You won't hear me arguing that Rivera isn't the greatest relief pitcher ever, but that argument has been heard from Goose Gossage. He downplayed the "greatest of all time" talk earlier this year on the basis that Mo couldn't have done what he and his contemporaries used to do.

"I believe had Mo been used like us, he might have 350 saves," Gossage said, via Newsday. "You just wouldn't have had the numbers. The workload was amazing."

Is Gossage right? Yeah, probably. But this is a "deal with it" situation, as the workloads for closers were changed for good by La Russa and Eckersley and are only becoming more constricted.

The year Francisco Rodriguez reset the single-season saves record with 62 in 2008, he didn't have one appearance that lasted longer than an inning. 2012 saves leader Jim Johnson lasted longer than one inning only twice. Craig Kimbrel stayed in longer than one inning only once.

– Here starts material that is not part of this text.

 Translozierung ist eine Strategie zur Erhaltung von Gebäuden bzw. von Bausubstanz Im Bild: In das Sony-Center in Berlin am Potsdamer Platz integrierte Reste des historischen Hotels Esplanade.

We've all heard the gripes. Closers are making more money and—thanks to things like entry songs, nicknames and good old-fashioned showmanship—are bigger stars now than ever before, yet they're also less essential than ever before. More than their teams, closers serve the save statistic itself.

Baseball has obviously enabled this to happen. What's more, we've reached a point where the closer role is so obsessed over that closers are being groomed rather than just, you know, found.

It's not uncommon to see scouting reports that herald prospects as future closers. Kimbrel, for example, was perceived by Baseball America (subscription required) in 2008 to have the "ingredients to become a major league closer." That same year, Jason Motte was characterized as a guy who was a "viable contender for the long-term closer role."

Presently, there are fans in Detroit and pretty much everywhere else who are dying to see Bruce Rondon make good on his potential to be a great closer. When Rivera hangs up his spikes, maybe it will be time for Yankees closer prospect Mark Montgomery to take up the job. 

The idea of a closer was once a novelty. Then it was a good idea. Then closers were essential. Now they're mass-produced and might as well come shrink-wrapped.

Behold the evolutionary process. Next step: Cyborgs.

[Crosses fingers.]

 

Note: Stats courtesy of Baseball-Reference.com unless otherwise noted.